Instructions to follow
An exact copy of all the records is the expected answer.

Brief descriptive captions
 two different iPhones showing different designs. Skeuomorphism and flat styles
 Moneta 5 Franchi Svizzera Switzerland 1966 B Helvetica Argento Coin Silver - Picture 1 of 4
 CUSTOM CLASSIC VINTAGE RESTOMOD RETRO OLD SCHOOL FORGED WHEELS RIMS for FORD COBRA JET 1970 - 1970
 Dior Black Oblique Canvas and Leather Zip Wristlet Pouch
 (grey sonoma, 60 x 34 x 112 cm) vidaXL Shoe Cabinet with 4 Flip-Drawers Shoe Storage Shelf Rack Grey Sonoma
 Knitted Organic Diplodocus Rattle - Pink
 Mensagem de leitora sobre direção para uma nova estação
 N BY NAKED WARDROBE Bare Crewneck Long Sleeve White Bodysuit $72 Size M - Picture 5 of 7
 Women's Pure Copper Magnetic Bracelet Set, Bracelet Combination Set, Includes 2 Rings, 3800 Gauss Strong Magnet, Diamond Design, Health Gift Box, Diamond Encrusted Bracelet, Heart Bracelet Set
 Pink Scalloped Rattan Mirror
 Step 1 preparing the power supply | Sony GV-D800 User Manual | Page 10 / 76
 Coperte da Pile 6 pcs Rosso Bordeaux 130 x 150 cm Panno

Result of this task
 two different iPhones showing different designs. Skeuomorphism and flat styles
 Moneta 5 Franchi Svizzera Switzerland 1966 B Helvetica Argento Coin Silver - Picture 1 of 4
 CUSTOM CLASSIC VINTAGE RESTOMOD RETRO OLD SCHOOL FORGED WHEELS RIMS for FORD COBRA JET 1970 - 1970
 Dior Black Oblique Canvas and Leather Zip Wristlet Pouch
 (grey sonoma, 60 x 34 x 112 cm) vidaXL Shoe Cabinet with 4 Flip-Drawers Shoe Storage Shelf Rack Grey Sonoma
 Knitted Organic Diplodocus Rattle - Pink
 Mensagem de leitora sobre direção para uma nova estação
 N BY NAKED WARDROBE Bare Crewneck Long Sleeve White Bodysuit $72 Size M - Picture 5 of 7
 Women's Pure Copper Magnetic Bracelet Set, Bracelet Combination Set, Includes 2 Rings, 3800 Gauss Strong Magnet, Diamond Design, Health Gift Box, Diamond Encrusted Bracelet, Heart Bracelet Set
 Pink Scalloped Rattan Mirror
 Step 1 preparing the power supply | Sony GV-D800 User Manual | Page 10 / 76
 Coperte da Pile 6 pcs Rosso Bordeaux 130 x 150 cm Panno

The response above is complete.